::: PROVIDED MATERIAL

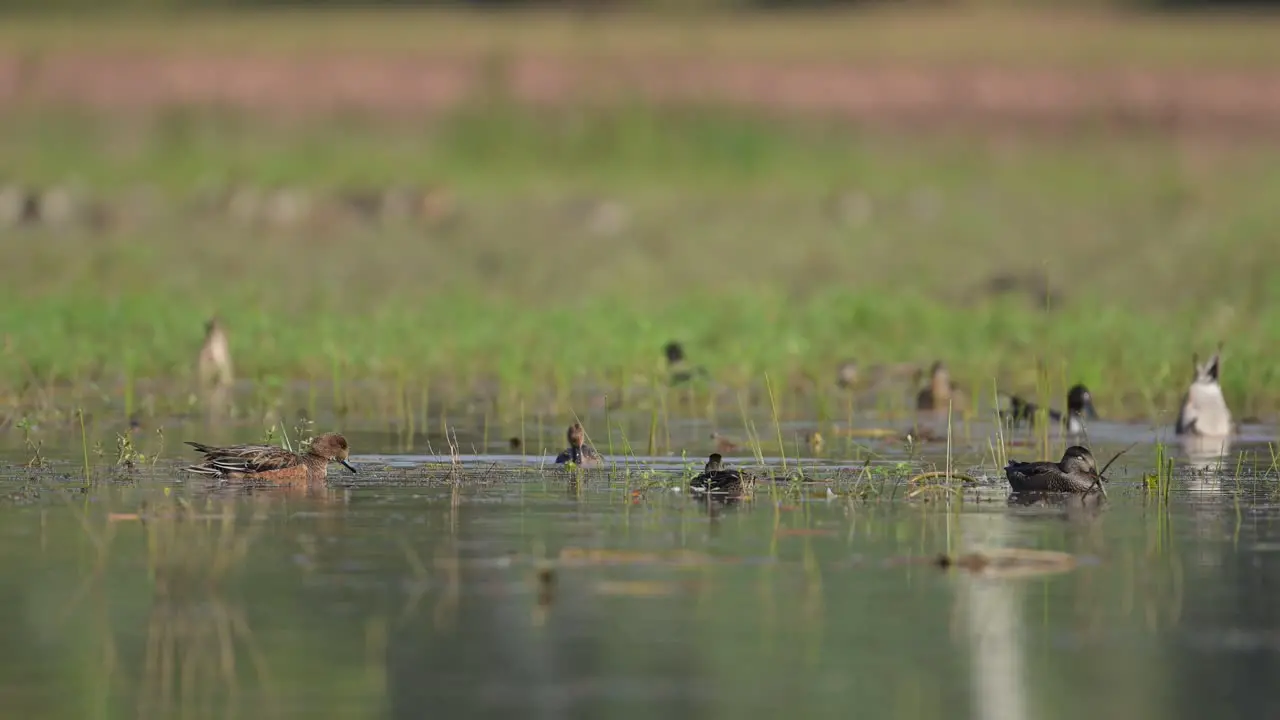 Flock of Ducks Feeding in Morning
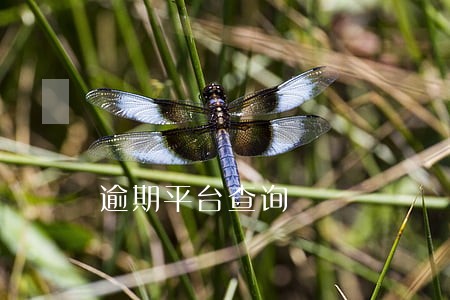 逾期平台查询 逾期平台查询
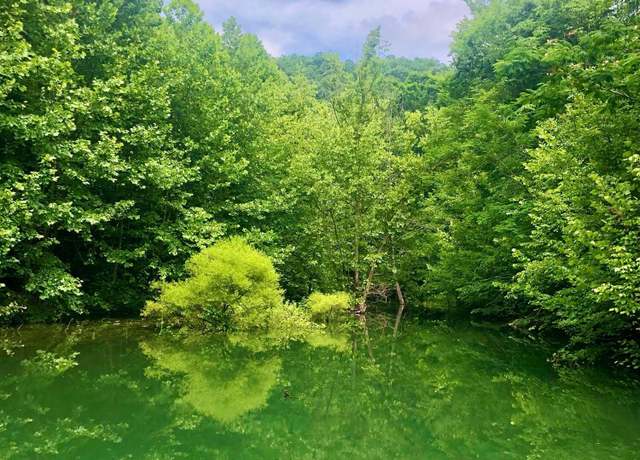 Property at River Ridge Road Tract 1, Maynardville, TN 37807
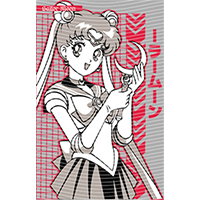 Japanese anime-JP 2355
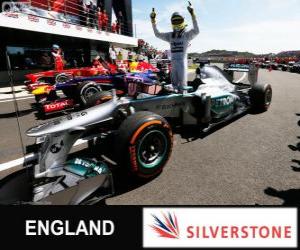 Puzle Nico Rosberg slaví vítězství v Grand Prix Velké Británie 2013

::::::
::: PROVIDED MATERIAL

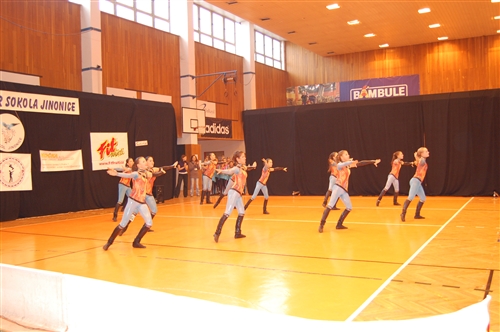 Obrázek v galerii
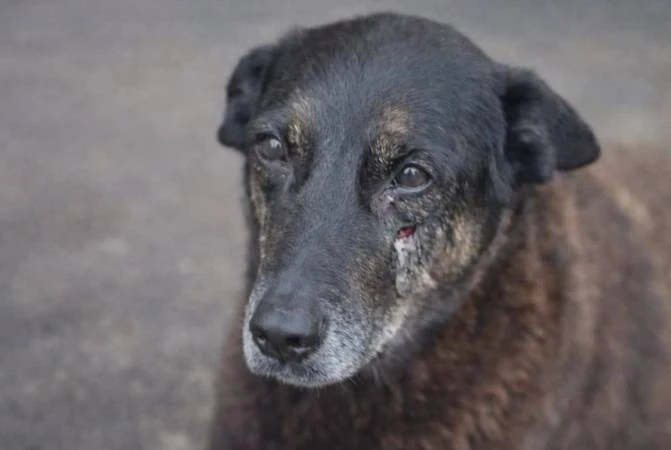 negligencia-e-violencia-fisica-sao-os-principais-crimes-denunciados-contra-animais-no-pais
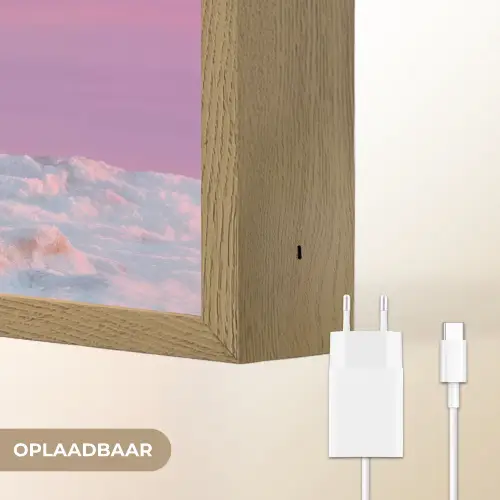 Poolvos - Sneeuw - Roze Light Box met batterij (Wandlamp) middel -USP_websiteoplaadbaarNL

::::::

* TASK INSTRUCTIONS *
Copy nothing but the lines above that run from the one with "Flock of Ducks Feeding in Morning" to the one with "Puzle Nico Rosberg", ends included; pictures stay out.

* RESPONSE TO THE EXERCISE *
 Flock of Ducks Feeding in Morning
 逾期平台查询 逾期平台查询
 Property at River Ridge Road Tract 1, Maynardville, TN 37807
 Japanese anime-JP 2355
 Puzle Nico Rosberg slaví vítězství v Grand Prix Velké Británie 2013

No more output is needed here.